Is there a closed form solution for the camera position seeing points

computer visionprojectionrotations

I have a simple pinhole camera with 3×3 intrinsics matrix K, external orientation 3×3 matrix R and 3×1 position p.

K = [
  [f, 0, cx],
  [0, f, cy],
  [0, 0, 1 ],
]

p is a function of real value t such that:

p(t) = a + t*b, with a and b 3x1 vector 

So the camera's orientation is fixed by its position is a function of t that slides is along a vector.
I would like to find the minimum value of t such that a collection of 3D point is visible.

Said another way I'm trying to move the camera (in a limited way) such that a scene is entirely visible.
Here is an illustration of a bunch of points * and two potential camera positions p1 and p2 where p1 sees all the points and p2 does not see two of them:

enter image description here

I can project a 3D point into the camera using:

[x, y, 1] = K * R.T * point + (-R.T) * t

And determine if its visible if 0 < x < cx and 0 < y < cy

I would like to find the camera position that can see all the points. One solution is to iterate through increasing values of t until all points are visible. But is there a closed form solution for t?

Best Answer

starfield zoom

Yes.
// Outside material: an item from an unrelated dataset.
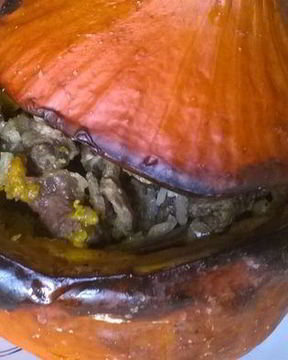 Мясо в тыкве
If your motion involves zooming along the camera axis, you can compute exactly where the camera should go, by iterating over each of the points and computing five crossing times (one for each edge of the film, plus the camera plane):

$$t_\ell = \frac{f_x(X^\prime_i +a_x)}{b(x_\ell - x_0)}-\frac{1}{b}(Z^\prime_i + a_z)$$ $$t_r = \frac{f_x(X^\prime_i +a_x)}{b(x_r - x_0)}-\frac{1}{b}(Z^\prime_i + a_z)$$ $$t_u = \frac{f_y(Y^\prime_i +a_y)}{b(y_u - y_0)}-\frac{1}{b}(Z^\prime_i + a_z)$$ $$t_d = \frac{f_y(Y^\prime_i +a_y)}{b(y_d - y_0)}-\frac{1}{b}(Z^\prime_i + a_z)$$ $$t_z = -\frac{(Z^\prime_i+a_z) }{b}$$

Assuming forward motion, the smallest number (out of all five numbers and all objects) is the final moment when all objects are in view. At that time and every earlier time, the objects are all in view.


  • As seen in the picture above, the key idea is that as you track the camera along the path $p(t)$, each of your points will trace out a straight line path as seen on the 2D camera film. The orientation and speed of a point's trajectory depends on where that point is in space. In particular, points move faster the closer they get to the camera.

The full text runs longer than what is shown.